Similar to spinach and beets with a flavor that is bitter, pungent and slightly salty, Swiss chard is a tall, leafy green vegetable with a thick, crunchy stalk that comes in white, red, or yellow with wide fan-like green leaves. Both the leaves and stalk are edible, although the stems vary in texture with the white ones being the most tender. Although Swiss chard is available throughout the year, its season runs from June through August when it is at its best and in the greatest abundance at your local supermarket.

Its health benefits are too numerous to mention here. Suffice to say that chard has high concentrations of vitamin K, vitamin A, vitamin C, magnesium, manganese, potassium, iron, vitamin E, and dietary fiber. It is also a good source of copper, calcium, vitamin B2, vitamin B6, protein, phosphorus, vitamin B1, zinc, folate, biotin, niacin, and pantothenic acid.
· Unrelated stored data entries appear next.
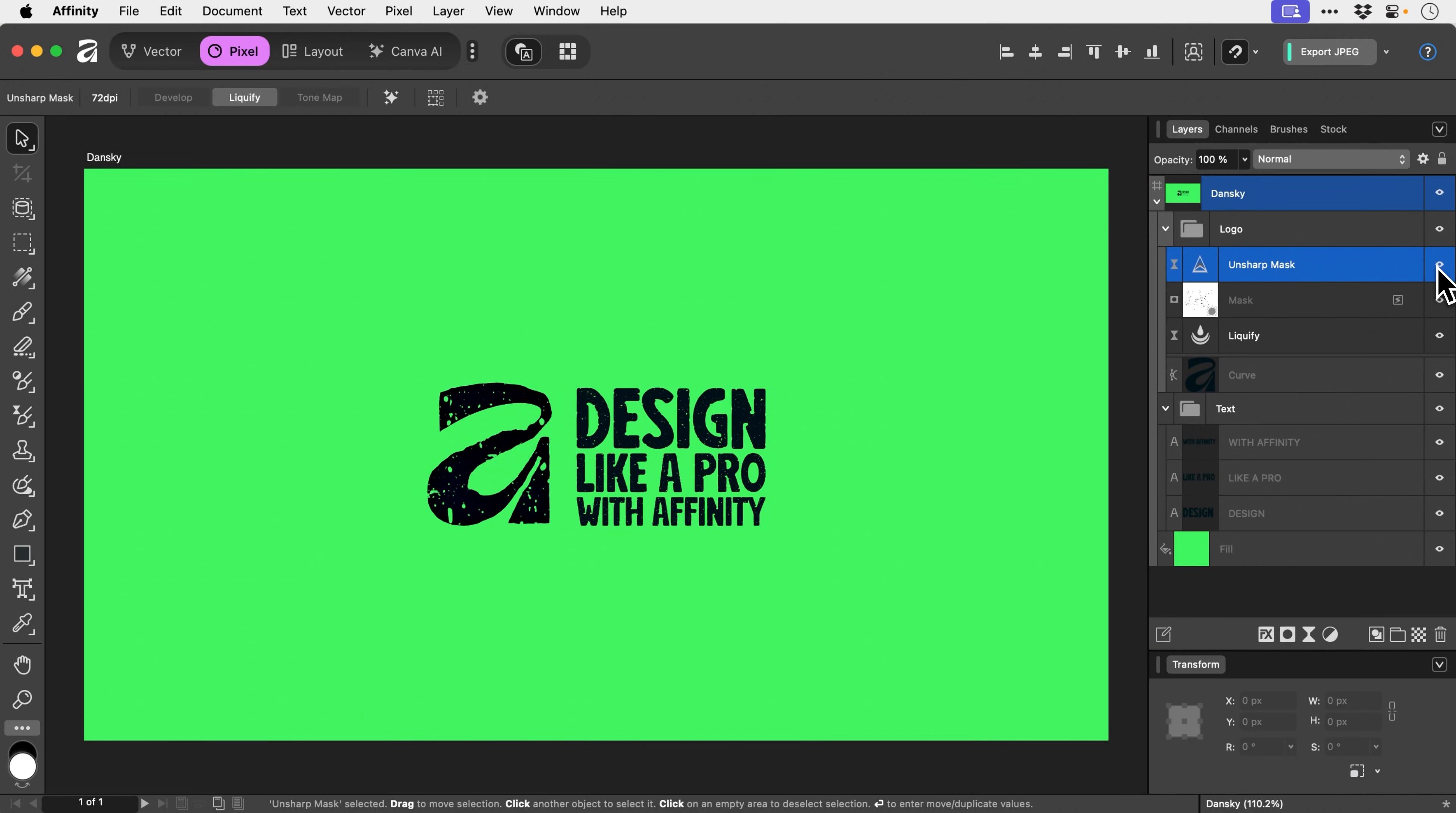Then if we zoom back out, obviously you can spend longer on your design to get a better match between the type and the logo. But I think for a few minutes, that's not a bad result.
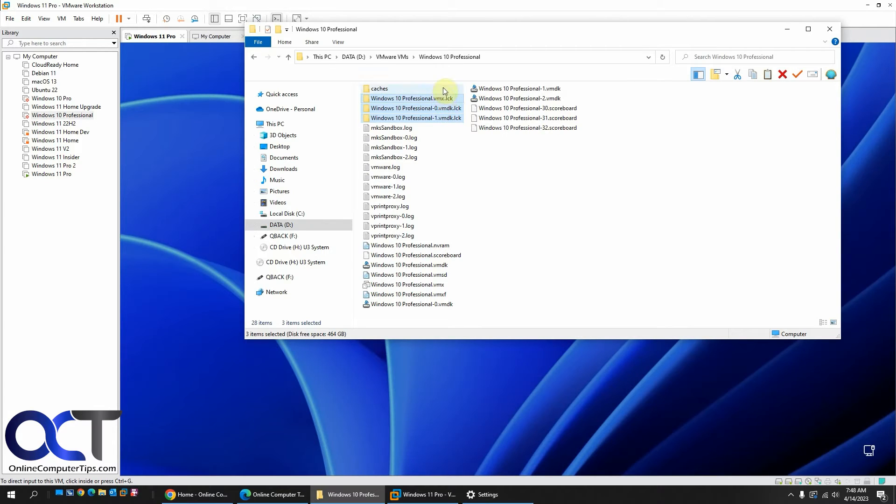So we've got three folders here, no files. Then we'll just delete those.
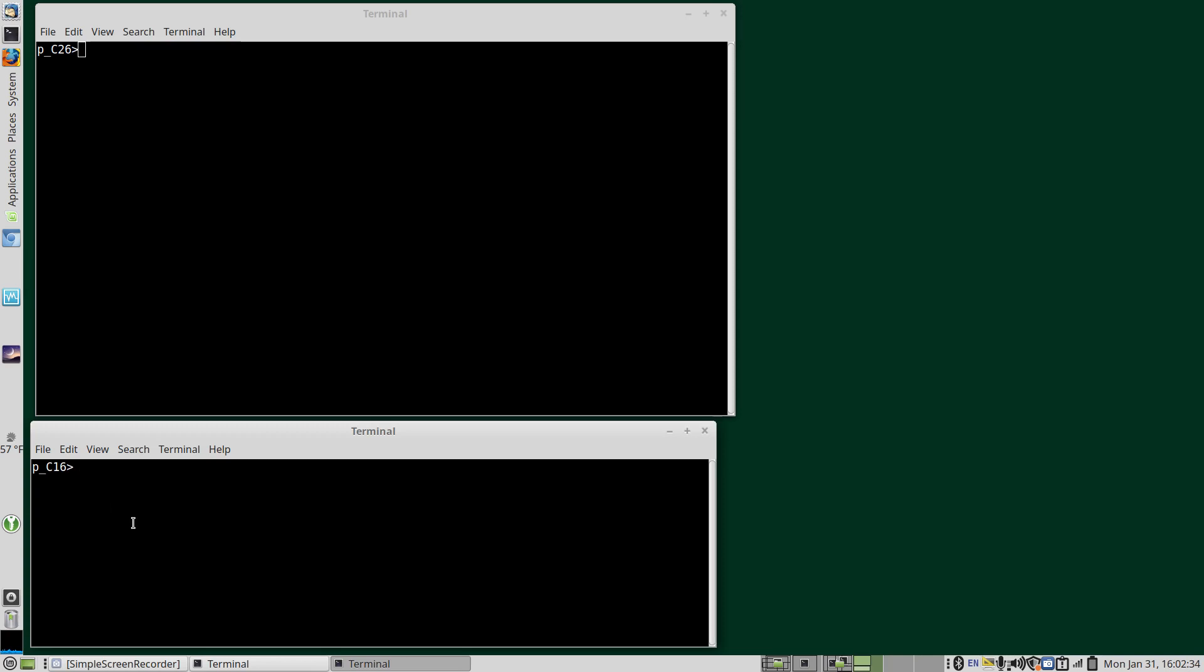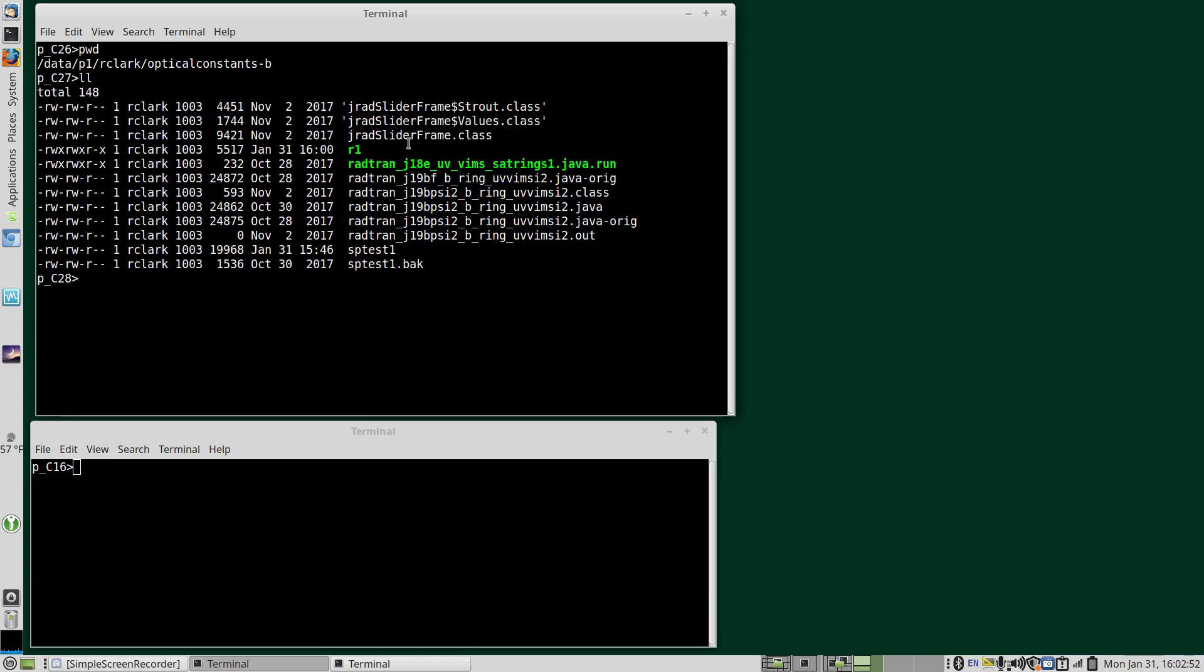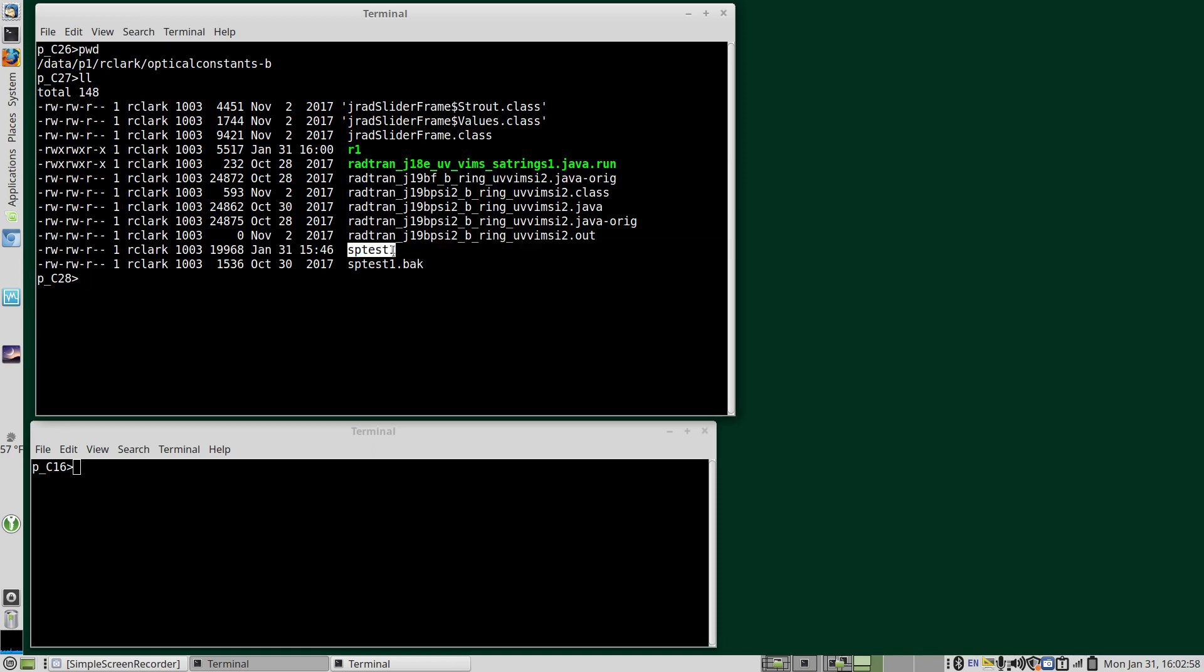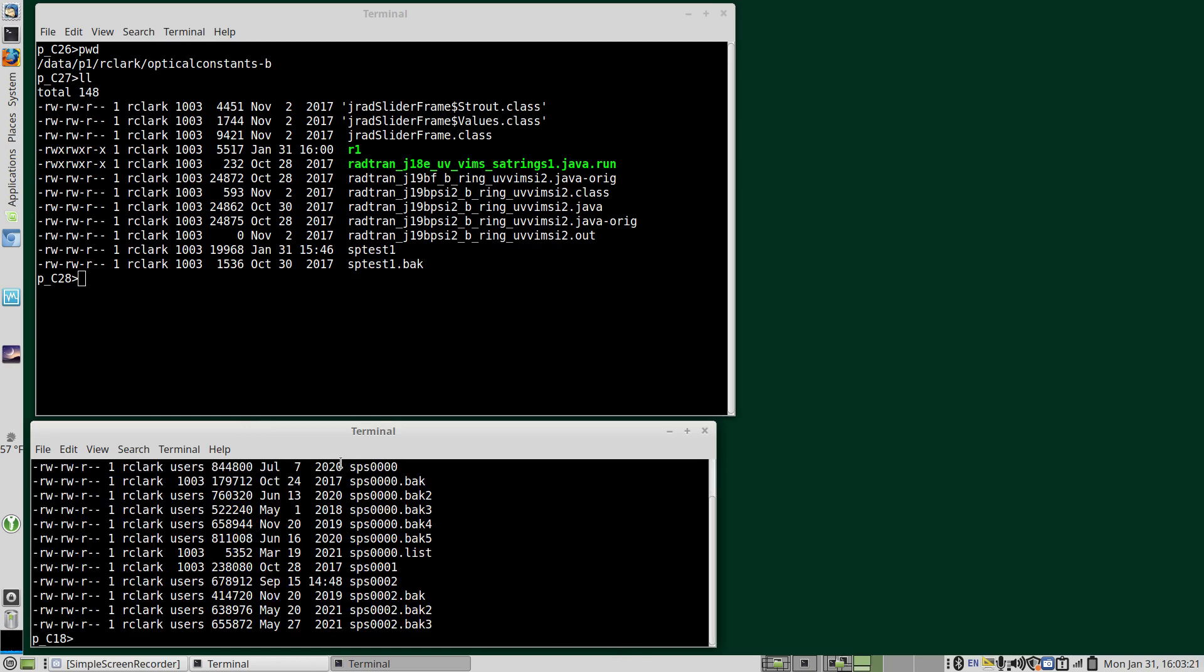I have two windows set up and I have very little screen real estate because I'm making this as a 1080p video. Normally I would use much larger windows. So I set up a directory that has a SPECPR restart file and a SPECPR file that I can write results to. I have another directory where I have my optical constants and some support files here.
The combination of traditional nutrients, phytonutrients, and fiber in chard makes it effective in preventing digestive tract cancers, especially cancer of the colon. Animal research also suggests that Swiss chard may confer a protective effect on the kidneys of diabetics. And its high levels of vitamin K – three times your recommended daily dose with just one cup – and magnesium means it is a major curator of your bones. Its high levels of beta-carotene and vitamin A also make chard important to maintaining good vision and protecting against cataracts. Beta-carotene may also help to protect against certain forms of cancer since it belongs to the family of phytonutrients known as carotenoids.
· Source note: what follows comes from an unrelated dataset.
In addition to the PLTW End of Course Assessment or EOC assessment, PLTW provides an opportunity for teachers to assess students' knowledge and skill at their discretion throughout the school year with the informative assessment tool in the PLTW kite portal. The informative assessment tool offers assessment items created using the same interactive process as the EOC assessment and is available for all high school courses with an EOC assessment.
Just one cup of Swiss chard will provide you with over half of your daily supply of vitamin C. Among its many positive effects, vitamin C is an antioxidant, preventing free radical damage and reducing the risk of cancers like that of the colon as well as reducing the severity of inflammatory conditions like as asthma and arthritis.

Choose chard with leaves that are vivid green in color and that do not display any browning or yellowing. The leaves should not be wilted nor should they have tiny holes. The stalks should look crisp and be unblemished. To store, place unwashed chard in the refrigerator in a produce bag where it will keep fresh for several days.

Do not cook chard (or anything, really) in an aluminum pot, since the oxalates contained in the chard will react with the metal. Since the stalks are thicker in texture, they will take longer to cook than the leaves, so their cooking should be started a few minutes earlier. Boiling is better than steaming, since it will liberate the oxalic acid and make it less bitter.

Note: When oxalates become too concentrated in body fluids, they can crystallize and cause health problems. For this reason, individuals with already existing and untreated kidney or gallbladder problems may want to avoid eating Swiss chard.

One favorite way of preparing Swiss chard is to simply wrap the leaves around leftover vegetable and grain salad and roll into little packages. Baked in a medium-heat oven, this is an easy alternative to stuffed cabbage.

Chard, like kale, always goes well with pasta. For instance, toss penne pasta with olive oil, lemon juice, garlic, and cooked Swiss chard. Or use it in place of or in addition to spinach when preparing vegetarian lasagna.

Steamed Swiss chard is a tasty addition to omelets and frittatas.

Both kale and Swiss chard are great in green smoothies. Blend together a banana, an orange, the juice of one lemon, and three chard leaves without the ribs. Adjust for taste and enjoy a hugely nutrition and delicious drink.

Swiss Chard Frittata

4 eggs
1 tsp. olive oil
cup chopped onions
2 small cloves garlic, minced
2 cups tightly packed chopped Swiss chard
2 tablespoons chopped fresh basil or parsley
cup grated Parmesan or Romano cheese

Beat eggs and set aside. In a skillet, saute onions and garlic in oil. Stir in chard and basil. Cook for a few minutes until chard is wilted. Remove from pan and set aside. Wipe skillet and place over medium heat. Add half the chard mixture and half the egg mixture. Cook for three to five minutes or until brown on the bottom but the top is still liquid. Sprinkle with cheese. Flip frittata over; cook for another couple of minutes or until browned and completely set. Remove from pan and repeat procedure with remaining ingredients to make second frittata. Cut in pieces and serve on a plate with salad or inside pita halves.